- EXERCISE
Once the line with "Fabrication de bracelets" is found in the entries below, repeat it and each following line exactly, up to and including the line with "Hanging Closet Organizer". Add no other lines.

*** DATA TO USE Section Begins ***

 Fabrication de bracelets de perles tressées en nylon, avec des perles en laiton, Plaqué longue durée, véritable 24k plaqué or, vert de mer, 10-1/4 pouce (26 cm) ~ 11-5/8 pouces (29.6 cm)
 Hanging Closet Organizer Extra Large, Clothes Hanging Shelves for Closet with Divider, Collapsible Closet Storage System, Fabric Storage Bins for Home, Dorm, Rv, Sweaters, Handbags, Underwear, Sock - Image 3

*** DATA TO USE Section Ends ***
*** DATA TO USE Section Begins ***

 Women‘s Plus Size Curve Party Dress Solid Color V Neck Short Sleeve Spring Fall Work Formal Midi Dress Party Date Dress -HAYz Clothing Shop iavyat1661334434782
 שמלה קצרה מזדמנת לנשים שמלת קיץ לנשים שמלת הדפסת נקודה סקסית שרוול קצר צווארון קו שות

*** DATA TO USE Section Ends ***
*** DATA TO USE Section Begins ***

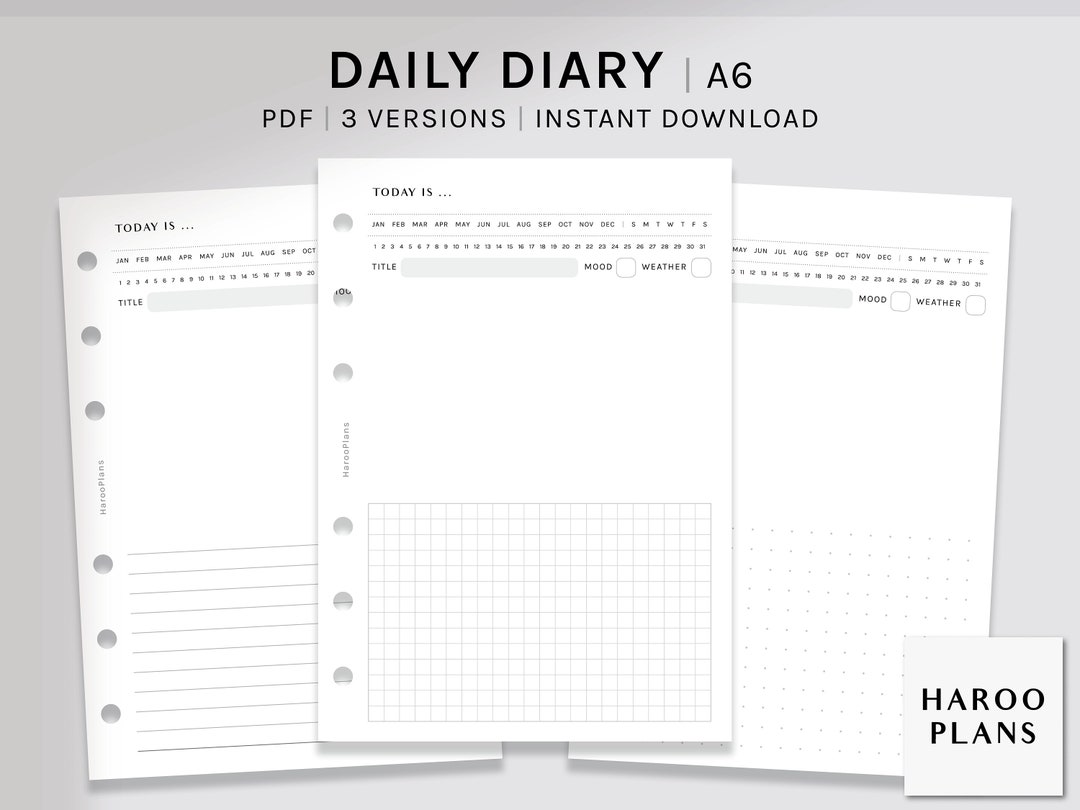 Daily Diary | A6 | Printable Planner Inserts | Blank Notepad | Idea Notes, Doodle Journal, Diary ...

*** DATA TO USE Section Ends ***

- TASK SOLUTION
 Fabrication de bracelets de perles tressées en nylon, avec des perles en laiton, Plaqué longue durée, véritable 24k plaqué or, vert de mer, 10-1/4 pouce (26 cm) ~ 11-5/8 pouces (29.6 cm)
 Hanging Closet Organizer Extra Large, Clothes Hanging Shelves for Closet with Divider, Collapsible Closet Storage System, Fabric Storage Bins for Home, Dorm, Rv, Sweaters, Handbags, Underwear, Sock - Image 3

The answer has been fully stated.